Californians voted overwhelmingly against Proposition 30, a ballot measure that would have taxed the rich to fund emission-reducing electric vehicle programs for low- and middle-income Californians as well as fund programs to fight wildfires. The Associated Press called a No victory last night. As of this writing, No has 3,080,825 votes, or 58.9 percent, with 38 percent of expected votes counted.
The ballot proposed adding a 1.75 percent tax to income over $2 million. The windfall would have been used to fund EV-subsidy programs and charging-station initiatives, and provide funding for fighting and preventing wildfires, over the next 20 years.
Prop 30 polled well initially, until a coalition of right-leaning anti-tax groups joined with Gov. Gavin Newsom (who won re-election yesterday) to oppose it. In a frequently-aired TV spot, Newsom called Prop 30 “one company’s cynical scheme to grab a huge taxpayer subsidy.” The company in question is Lyft, the ridehailing firm, because its drivers would be able to use the subsidy to convert their fleet to electric cars.

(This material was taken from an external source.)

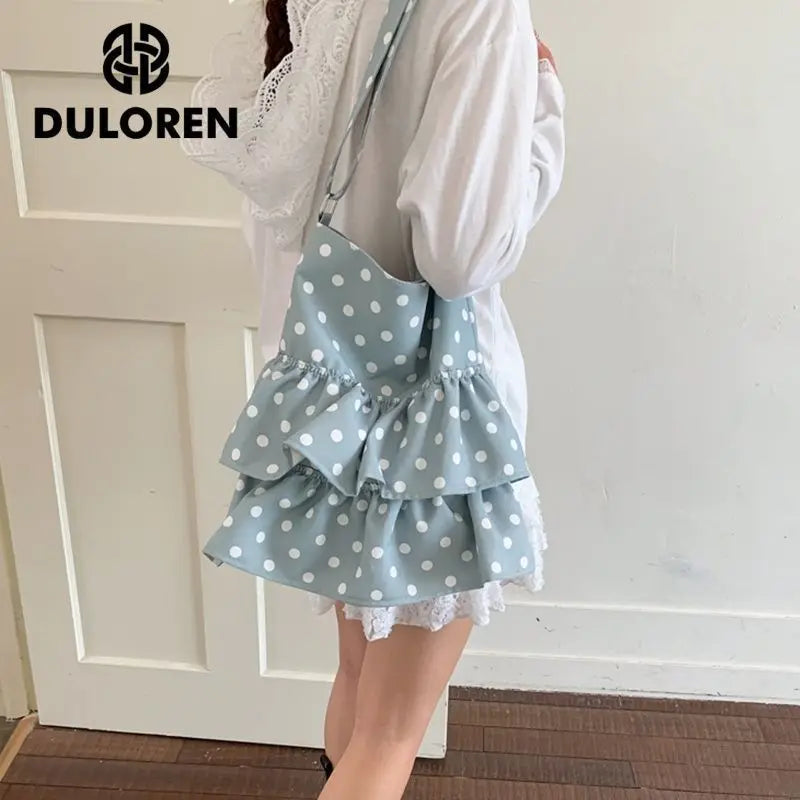 DULOREN Large-Capacity Casual Shoulder & Crossbody Tote Bag Shoulder Tote Bag Nixie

Transportation and electrification experts said this characterization of Prop 30 was not accurate. Gregory Pierce, a professor at the UCLA Luskin Center for Innovation, told Motherboard earlier this week that “it’s ridiculous” to characterize Prop 30 as a corporate handout. “There is no carveout. There’s nothing about Lyft drivers or Lyft, or anything in particular benefiting them except that Lyft drivers have vehicles like other folks who might benefit from a lot more money for EVs.”
Nevertheless, polling on Prop 30 swiftly swung after Newsom came out against it and, as a result, the defeat was expected.